She smiled down at her steering wheel. “I don’t much like getting drunk. I don’t like acting silly, and I definitely don’t like feeling like crap afterward. My friends didn’t mind. I was always like that. And it’s not like I judge them or anything.”

“Of course you don’t judge them. You’re the least judgmental person I’ve ever met.”

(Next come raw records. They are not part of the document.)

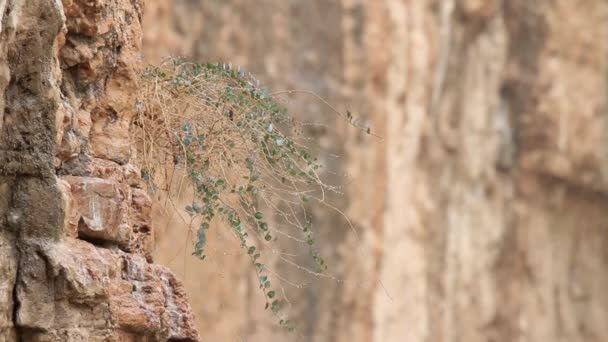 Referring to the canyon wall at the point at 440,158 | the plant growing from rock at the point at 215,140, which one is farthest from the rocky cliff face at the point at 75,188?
the canyon wall at the point at 440,158

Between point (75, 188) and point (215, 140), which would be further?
point (215, 140)

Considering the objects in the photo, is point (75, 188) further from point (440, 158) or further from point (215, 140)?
point (440, 158)

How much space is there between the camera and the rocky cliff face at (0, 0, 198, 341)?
293 centimetres

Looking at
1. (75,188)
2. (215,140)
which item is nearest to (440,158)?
(215,140)

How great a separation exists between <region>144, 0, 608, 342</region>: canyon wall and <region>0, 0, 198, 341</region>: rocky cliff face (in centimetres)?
602

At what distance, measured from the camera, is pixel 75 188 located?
326cm

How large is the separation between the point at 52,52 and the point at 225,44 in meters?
7.87

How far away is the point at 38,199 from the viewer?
2975 mm

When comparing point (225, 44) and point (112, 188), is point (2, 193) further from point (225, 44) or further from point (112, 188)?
point (225, 44)

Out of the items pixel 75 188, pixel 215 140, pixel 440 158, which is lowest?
pixel 75 188

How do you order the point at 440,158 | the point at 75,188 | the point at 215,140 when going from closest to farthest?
1. the point at 75,188
2. the point at 215,140
3. the point at 440,158

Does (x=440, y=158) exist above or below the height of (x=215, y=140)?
above

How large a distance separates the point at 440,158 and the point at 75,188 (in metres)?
10.0

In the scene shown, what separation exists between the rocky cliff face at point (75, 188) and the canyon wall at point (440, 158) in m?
6.02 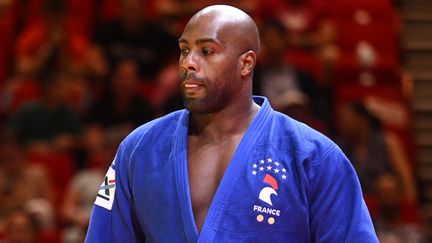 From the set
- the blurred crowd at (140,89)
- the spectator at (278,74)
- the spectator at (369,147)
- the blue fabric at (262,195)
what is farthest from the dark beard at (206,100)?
the spectator at (278,74)

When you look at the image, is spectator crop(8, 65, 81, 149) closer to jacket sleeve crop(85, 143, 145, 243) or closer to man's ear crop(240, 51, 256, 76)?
jacket sleeve crop(85, 143, 145, 243)

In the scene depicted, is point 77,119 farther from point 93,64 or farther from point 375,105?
point 375,105

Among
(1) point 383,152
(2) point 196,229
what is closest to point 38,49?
(1) point 383,152

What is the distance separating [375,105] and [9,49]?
3377 millimetres

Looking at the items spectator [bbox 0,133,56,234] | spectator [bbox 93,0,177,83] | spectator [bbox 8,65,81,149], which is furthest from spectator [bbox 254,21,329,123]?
spectator [bbox 0,133,56,234]

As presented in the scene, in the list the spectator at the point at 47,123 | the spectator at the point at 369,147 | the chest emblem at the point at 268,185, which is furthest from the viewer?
the spectator at the point at 47,123

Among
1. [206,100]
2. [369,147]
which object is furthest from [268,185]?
[369,147]

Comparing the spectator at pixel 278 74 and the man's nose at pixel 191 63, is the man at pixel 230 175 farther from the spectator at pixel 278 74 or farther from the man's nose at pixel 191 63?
the spectator at pixel 278 74

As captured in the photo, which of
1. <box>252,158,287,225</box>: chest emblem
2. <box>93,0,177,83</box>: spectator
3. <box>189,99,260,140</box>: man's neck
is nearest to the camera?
<box>252,158,287,225</box>: chest emblem

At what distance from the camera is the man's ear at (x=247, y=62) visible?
3.18 m

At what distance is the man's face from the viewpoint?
3117 mm

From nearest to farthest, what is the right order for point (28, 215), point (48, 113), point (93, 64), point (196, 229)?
point (196, 229) < point (28, 215) < point (48, 113) < point (93, 64)

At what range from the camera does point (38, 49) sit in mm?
8328

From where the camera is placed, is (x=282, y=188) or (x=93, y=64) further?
(x=93, y=64) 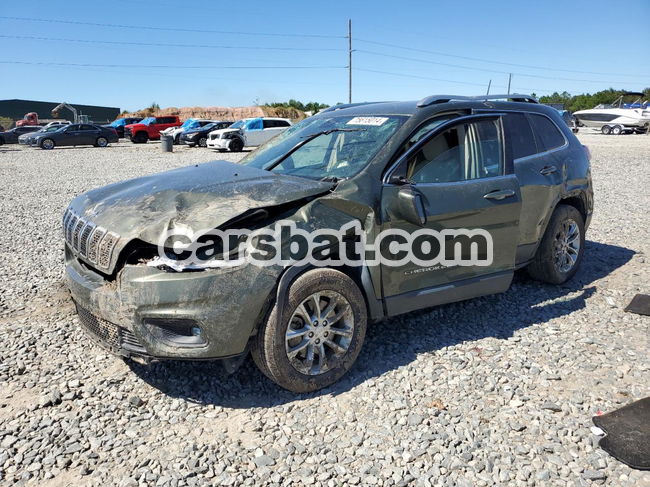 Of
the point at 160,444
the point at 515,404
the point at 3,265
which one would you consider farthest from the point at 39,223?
the point at 515,404

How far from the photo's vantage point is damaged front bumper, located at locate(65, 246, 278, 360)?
9.33 feet

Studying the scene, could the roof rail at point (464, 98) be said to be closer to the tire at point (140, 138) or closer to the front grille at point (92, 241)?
the front grille at point (92, 241)

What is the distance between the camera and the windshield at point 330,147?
12.2ft

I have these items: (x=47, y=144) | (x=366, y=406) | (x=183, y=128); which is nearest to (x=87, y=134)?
(x=47, y=144)

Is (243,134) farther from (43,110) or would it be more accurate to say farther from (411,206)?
(43,110)

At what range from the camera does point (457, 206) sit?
3807mm

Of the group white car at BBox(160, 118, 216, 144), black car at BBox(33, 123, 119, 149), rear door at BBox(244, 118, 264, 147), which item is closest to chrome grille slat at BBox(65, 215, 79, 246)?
rear door at BBox(244, 118, 264, 147)

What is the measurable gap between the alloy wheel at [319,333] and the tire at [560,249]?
259 cm

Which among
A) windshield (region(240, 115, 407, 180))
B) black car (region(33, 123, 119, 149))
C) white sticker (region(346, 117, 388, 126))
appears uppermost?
white sticker (region(346, 117, 388, 126))

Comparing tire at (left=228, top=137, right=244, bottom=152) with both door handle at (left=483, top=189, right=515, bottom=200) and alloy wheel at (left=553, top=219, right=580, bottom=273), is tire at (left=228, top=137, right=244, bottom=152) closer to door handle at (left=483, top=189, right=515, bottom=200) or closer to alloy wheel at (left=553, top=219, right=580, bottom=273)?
alloy wheel at (left=553, top=219, right=580, bottom=273)

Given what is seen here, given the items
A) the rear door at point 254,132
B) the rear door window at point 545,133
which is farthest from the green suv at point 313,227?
the rear door at point 254,132

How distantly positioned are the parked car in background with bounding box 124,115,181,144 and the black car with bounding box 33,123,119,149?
2367 millimetres

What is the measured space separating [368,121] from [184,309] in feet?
7.14

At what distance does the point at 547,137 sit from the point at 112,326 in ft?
13.9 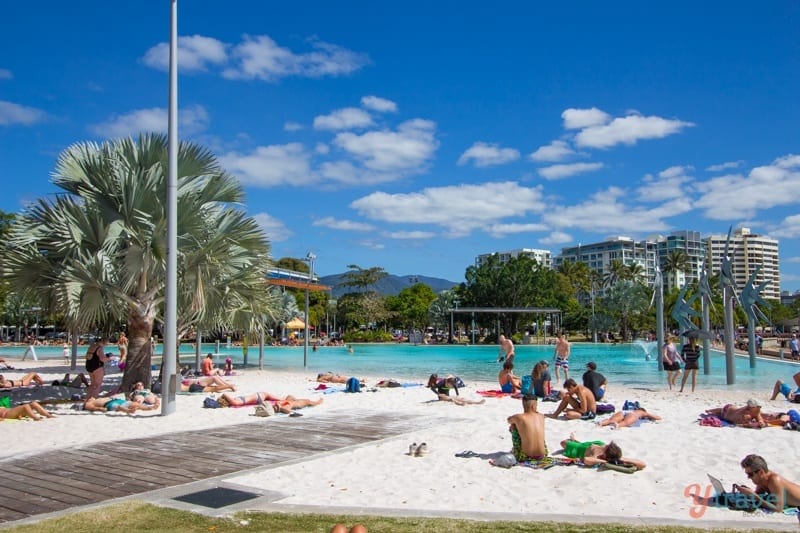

Eve felt her cheeks flushing. She wished she didn’t get quite so giddy every time he gave her a compliment. To deflect from her inappropriate reaction, she said, “The truth is I’ve always wished I could be more uninhibited like them. I guess I’ve always been kind of a party pooper. It’s probably why I’m not all that sexy either.”

“Stop it,” Jude bit out, sounding almost angry.

She swallowed hard. “What?”

“You know what. I’m not going to sit here and listen to you telling such ridiculous lies about yourself. Especially when you know they’re not true.”

Her face was still burning, but her embarrassment had shifted to something less giddy. “Sorry.”

“Why are you even thinking that right now? Did your friends make you feel bad about yourself?” He no longer sounded angry. More bewildered and unhappy and vaguely protective.

“No. No, they didn’t. I was just being…” She groaned and rubbed at her face. “I don’t know why I said it. I know it’s not really true. I mean, it’s true I’m not naturally uninhibited, but I think with you I’ve been able to… to be…” She trailed off when she heard what she was saying.

What the hell was wrong with her? Yes, she was struggling emotionally to keep an appropriate distance with Jude, but that shouldn’t make her babble out all kinds of embarrassing confessions.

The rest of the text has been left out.